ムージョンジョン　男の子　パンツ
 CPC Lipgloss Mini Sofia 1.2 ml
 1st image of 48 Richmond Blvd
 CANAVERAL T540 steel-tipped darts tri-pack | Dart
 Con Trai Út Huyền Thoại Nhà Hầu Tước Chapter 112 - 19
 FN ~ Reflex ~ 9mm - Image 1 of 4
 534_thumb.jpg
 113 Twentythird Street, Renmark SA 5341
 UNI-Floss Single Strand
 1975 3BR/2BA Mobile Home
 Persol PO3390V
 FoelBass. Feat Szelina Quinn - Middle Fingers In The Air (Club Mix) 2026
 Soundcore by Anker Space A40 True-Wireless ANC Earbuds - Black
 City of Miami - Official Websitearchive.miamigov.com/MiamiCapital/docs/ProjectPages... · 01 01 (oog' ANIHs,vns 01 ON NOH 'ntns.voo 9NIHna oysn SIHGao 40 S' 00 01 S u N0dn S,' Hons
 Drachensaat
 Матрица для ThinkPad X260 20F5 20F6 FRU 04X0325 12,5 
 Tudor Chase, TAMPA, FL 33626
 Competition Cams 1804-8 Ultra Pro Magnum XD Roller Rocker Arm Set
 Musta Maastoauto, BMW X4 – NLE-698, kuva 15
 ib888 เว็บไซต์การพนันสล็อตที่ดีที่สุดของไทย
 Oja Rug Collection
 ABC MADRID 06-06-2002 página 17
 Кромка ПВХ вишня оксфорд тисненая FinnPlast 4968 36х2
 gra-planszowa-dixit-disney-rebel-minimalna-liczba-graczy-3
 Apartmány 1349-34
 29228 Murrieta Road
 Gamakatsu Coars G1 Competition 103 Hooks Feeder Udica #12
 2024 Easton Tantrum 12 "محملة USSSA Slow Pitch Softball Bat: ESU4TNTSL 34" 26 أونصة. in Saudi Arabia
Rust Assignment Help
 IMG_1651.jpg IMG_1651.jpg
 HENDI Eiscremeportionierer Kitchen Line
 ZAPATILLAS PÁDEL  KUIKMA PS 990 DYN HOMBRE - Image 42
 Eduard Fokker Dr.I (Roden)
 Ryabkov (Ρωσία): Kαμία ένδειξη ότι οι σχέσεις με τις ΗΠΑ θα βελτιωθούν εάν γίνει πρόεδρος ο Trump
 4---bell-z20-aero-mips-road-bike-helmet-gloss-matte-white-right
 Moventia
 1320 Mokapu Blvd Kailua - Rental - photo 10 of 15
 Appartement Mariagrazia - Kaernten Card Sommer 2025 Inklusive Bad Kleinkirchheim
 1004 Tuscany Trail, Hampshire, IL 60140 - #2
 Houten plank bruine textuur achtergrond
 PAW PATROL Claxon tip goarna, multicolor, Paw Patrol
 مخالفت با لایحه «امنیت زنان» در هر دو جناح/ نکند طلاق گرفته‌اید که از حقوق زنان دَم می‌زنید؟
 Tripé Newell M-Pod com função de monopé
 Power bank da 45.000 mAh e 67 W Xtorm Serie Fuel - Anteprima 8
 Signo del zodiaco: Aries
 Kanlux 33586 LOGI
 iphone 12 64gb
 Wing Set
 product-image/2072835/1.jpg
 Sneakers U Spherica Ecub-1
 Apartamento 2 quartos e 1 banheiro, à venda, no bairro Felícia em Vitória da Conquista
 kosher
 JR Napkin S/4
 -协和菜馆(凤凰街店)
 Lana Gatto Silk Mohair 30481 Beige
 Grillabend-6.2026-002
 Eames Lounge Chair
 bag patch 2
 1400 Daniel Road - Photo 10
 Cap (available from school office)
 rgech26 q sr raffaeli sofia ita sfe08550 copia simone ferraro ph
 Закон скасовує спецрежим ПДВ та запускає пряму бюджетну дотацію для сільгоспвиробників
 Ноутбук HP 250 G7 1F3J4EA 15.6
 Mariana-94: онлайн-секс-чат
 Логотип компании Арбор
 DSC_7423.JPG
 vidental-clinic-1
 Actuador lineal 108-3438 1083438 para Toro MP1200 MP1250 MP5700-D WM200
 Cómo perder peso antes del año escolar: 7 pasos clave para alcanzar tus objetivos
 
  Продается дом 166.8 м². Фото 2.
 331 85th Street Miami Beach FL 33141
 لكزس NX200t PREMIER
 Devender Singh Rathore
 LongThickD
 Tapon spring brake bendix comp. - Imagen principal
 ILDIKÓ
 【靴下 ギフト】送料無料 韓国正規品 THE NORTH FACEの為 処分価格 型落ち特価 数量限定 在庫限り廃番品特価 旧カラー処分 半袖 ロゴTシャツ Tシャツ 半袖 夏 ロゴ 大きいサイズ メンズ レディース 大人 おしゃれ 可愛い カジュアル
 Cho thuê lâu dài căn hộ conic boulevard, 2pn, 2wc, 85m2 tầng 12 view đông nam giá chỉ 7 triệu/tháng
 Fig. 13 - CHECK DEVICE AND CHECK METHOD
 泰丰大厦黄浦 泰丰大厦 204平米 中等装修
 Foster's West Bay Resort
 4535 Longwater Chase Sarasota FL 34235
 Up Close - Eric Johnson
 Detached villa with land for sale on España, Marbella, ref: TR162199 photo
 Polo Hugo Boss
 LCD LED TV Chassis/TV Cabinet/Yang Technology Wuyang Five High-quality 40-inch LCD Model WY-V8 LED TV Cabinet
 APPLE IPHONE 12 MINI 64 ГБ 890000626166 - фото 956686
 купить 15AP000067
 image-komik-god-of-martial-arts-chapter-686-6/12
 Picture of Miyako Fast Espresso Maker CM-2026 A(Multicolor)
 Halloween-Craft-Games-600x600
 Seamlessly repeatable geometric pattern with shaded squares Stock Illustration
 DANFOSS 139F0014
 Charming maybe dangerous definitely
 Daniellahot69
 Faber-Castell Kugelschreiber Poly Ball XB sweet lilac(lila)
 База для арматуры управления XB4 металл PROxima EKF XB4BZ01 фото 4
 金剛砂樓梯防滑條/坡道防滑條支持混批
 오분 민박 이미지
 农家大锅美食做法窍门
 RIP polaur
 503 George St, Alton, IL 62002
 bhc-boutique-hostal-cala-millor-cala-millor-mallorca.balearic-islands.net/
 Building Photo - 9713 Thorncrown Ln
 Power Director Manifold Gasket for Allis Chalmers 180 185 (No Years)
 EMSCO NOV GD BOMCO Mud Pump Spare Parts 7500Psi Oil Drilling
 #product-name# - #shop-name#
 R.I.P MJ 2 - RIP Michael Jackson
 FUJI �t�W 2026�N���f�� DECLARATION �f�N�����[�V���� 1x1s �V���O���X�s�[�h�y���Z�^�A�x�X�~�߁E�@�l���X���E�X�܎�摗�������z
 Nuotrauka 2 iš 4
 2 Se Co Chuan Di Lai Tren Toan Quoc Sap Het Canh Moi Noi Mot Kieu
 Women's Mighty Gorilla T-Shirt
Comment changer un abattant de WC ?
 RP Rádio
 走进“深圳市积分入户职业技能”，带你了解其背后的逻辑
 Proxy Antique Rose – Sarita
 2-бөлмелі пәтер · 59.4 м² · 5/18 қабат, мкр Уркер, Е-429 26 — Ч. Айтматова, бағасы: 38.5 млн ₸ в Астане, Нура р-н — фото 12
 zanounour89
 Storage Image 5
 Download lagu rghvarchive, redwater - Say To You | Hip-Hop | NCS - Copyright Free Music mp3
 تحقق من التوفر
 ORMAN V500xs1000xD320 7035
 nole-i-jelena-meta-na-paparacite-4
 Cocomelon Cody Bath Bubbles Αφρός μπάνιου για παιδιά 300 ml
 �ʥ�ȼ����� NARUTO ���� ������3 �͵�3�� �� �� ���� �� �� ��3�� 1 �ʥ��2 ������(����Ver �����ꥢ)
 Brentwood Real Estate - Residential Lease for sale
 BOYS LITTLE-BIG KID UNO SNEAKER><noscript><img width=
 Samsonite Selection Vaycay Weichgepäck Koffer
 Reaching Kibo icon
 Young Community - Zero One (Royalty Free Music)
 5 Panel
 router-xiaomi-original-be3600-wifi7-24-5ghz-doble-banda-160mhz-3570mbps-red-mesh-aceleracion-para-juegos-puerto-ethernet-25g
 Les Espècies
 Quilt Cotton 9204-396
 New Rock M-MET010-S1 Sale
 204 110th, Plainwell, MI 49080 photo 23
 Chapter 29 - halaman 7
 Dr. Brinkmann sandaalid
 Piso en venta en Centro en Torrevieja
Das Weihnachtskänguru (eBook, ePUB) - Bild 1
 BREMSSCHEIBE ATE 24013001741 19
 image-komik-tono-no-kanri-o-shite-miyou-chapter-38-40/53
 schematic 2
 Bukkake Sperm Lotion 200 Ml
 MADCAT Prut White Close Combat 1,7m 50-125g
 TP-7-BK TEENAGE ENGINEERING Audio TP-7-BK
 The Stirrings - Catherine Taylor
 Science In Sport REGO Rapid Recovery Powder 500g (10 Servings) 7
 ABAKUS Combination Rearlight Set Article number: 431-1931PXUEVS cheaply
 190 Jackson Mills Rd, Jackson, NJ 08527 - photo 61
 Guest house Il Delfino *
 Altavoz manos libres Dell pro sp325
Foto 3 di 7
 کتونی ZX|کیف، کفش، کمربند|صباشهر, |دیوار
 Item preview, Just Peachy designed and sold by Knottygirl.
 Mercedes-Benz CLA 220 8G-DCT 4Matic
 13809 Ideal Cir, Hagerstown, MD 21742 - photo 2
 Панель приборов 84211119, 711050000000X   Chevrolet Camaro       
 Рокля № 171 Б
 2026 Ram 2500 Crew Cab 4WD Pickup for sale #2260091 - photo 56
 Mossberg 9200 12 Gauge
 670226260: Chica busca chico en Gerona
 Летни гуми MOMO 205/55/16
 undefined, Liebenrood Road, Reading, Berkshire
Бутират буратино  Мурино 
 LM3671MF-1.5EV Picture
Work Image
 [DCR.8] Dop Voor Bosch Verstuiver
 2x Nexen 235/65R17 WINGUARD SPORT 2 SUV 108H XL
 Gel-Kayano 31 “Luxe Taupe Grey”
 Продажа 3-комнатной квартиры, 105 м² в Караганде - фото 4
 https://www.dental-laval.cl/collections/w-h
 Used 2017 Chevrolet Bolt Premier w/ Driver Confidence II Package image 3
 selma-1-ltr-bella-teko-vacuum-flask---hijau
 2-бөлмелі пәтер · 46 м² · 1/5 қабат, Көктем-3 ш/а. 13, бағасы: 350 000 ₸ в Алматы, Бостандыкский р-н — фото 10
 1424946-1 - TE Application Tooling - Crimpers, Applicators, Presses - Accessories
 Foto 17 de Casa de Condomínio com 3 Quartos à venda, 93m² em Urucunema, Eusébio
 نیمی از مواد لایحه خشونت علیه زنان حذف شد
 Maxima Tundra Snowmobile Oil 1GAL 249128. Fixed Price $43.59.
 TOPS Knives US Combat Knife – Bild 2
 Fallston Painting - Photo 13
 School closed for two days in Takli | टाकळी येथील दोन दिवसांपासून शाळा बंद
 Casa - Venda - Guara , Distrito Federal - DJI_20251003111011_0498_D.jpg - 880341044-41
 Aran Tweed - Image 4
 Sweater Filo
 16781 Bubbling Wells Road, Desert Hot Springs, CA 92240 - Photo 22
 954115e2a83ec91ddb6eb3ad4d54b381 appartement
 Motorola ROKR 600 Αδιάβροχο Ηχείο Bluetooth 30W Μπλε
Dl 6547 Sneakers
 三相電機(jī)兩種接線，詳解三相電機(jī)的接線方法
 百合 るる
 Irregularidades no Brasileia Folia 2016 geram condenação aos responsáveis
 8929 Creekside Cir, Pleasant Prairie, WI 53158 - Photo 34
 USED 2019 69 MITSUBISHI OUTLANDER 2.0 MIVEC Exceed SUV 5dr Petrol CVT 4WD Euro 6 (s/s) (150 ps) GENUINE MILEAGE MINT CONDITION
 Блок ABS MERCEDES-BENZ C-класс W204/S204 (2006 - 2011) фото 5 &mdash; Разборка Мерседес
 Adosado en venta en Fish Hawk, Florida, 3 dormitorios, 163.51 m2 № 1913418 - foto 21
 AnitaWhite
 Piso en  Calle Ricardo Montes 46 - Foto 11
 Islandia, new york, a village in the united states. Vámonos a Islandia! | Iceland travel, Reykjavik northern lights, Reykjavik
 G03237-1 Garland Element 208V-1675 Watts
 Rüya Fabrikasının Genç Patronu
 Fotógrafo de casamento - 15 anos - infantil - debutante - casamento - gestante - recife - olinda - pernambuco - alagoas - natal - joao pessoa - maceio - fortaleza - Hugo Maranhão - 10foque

==================================================

DIRECTIONS
Extract every line containing the string "Free" from the material.

FINISHED EXERCISE
 Download lagu rghvarchive, redwater - Say To You | Hip-Hop | NCS - Copyright Free Music mp3
 Young Community - Zero One (Royalty Free Music)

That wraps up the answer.